Under the approach described in the notice of proposed rulemaking, the FDA would phase out its general enforcement discretion approach for most LDTs. The proposed phaseout is intended to better protect the public health by helping to assure the safety and effectiveness of IVDs offered as LDTs, while avoiding undue disruption to the testing market. After this phaseout, the FDA generally would expect IVD makers to meet the same applicable requirements, except where meeting certain requirements under the Clinical Laboratory Improvement Amendments can be leveraged. 

The FDA believes this proposal would also advance responsible innovation by both laboratory and non-laboratory IVD manufacturers alike by better assuring the safety and effectiveness of IVDs offered as LDTs and removing a disincentive for non-laboratory manufacturers to develop novel tests. The current approach disincentivizes innovation by non-laboratory manufacturers who meet FDA requirements and who compete with laboratory manufacturers who do not meet FDA requirements. Rectifying the current imbalance in oversight may foster innovation by manufacturers who are positioned to make safe and effective novel tests available to many labs. 

In this proposed rule, the FDA also discusses alternative enforcement approaches for some IVDs offered as LDTs.
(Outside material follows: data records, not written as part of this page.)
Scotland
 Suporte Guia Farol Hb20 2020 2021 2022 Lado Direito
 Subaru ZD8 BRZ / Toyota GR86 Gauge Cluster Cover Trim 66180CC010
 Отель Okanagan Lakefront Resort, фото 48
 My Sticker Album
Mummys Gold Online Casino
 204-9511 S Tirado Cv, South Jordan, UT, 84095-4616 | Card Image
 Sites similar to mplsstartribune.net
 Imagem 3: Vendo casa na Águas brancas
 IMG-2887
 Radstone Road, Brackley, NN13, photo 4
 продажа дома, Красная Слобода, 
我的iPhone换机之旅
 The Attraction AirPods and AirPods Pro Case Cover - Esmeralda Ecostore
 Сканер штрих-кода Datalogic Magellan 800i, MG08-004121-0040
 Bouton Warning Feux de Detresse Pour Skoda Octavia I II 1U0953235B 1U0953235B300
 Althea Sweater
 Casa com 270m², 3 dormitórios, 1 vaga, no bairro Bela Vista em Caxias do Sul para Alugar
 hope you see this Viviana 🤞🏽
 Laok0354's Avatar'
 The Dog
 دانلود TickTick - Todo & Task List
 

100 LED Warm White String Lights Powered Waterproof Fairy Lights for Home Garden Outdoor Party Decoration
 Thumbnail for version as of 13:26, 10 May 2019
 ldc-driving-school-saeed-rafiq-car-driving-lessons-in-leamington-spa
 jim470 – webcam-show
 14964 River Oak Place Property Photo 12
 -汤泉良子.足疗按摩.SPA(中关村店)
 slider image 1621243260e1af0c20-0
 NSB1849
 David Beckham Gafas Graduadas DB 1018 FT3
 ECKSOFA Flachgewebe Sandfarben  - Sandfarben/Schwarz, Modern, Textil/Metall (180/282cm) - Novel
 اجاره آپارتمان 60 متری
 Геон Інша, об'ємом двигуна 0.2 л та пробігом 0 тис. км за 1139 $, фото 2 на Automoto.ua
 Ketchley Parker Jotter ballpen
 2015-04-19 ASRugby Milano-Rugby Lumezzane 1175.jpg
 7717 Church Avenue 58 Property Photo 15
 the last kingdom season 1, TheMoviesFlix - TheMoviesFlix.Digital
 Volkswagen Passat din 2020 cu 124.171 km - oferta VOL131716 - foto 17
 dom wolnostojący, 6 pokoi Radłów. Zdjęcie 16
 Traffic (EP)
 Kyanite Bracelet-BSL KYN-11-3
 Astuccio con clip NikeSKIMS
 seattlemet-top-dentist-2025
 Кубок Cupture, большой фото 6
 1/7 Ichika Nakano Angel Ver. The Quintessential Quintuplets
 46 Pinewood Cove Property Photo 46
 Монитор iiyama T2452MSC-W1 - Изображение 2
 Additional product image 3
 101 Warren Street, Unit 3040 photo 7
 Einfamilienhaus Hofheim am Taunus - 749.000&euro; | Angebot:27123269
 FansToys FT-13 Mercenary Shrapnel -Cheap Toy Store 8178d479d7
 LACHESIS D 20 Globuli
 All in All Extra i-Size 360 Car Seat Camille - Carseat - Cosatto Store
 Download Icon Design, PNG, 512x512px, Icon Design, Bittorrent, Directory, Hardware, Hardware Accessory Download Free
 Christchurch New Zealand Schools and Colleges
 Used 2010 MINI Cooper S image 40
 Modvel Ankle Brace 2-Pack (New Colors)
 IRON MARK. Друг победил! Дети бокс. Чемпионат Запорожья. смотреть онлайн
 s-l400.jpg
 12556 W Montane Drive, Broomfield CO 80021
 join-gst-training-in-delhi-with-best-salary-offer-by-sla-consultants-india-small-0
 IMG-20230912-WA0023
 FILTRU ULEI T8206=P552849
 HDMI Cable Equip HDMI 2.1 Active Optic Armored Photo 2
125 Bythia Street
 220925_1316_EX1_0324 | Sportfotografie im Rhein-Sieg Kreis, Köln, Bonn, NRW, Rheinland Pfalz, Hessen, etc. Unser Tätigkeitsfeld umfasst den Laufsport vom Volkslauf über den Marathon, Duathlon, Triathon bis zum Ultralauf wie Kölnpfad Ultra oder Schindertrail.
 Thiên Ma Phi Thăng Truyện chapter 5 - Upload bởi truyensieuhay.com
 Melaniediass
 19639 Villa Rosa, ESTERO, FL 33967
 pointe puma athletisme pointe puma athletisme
To the extent commenters support or oppose these alternative approaches, the FDA is requesting a public health rationale, supporting evidence and other information to help inform FDA’s decision-making. Such different approaches include, among others: a different approach for academic medical center laboratories, the continuation of the current general enforcement discretion approach with respect to premarket review and quality system requirements for some or all currently marketed LDTs (i.e., what some previously referred to as “grandfathering”), a phaseout period tailored for small laboratories, and leveraging programs such as the New York State Department of Health Clinical Laboratory Evaluation Program or those within the Veterans Health Administration, as appropriate. Additionally, the FDA would facilitate increased use of the agency’s Third Party Review program.

The agency’s economic analysis shows that the benefits would outweigh the costs of the rule. The FDA anticipates the benefits of phasing out the FDA’s general enforcement discretion approach for LDTs would include a reduction in healthcare costs associated with unsafe or ineffective tests, including tests promoted with false or misleading claims and from therapeutic decisions based on the results of those tests.

The FDA believes all patients deserve to have access to safe and effective tests regardless of where those tests are made. This rule is an important step to help ensure that healthcare decisions are made based on test results patients can trust.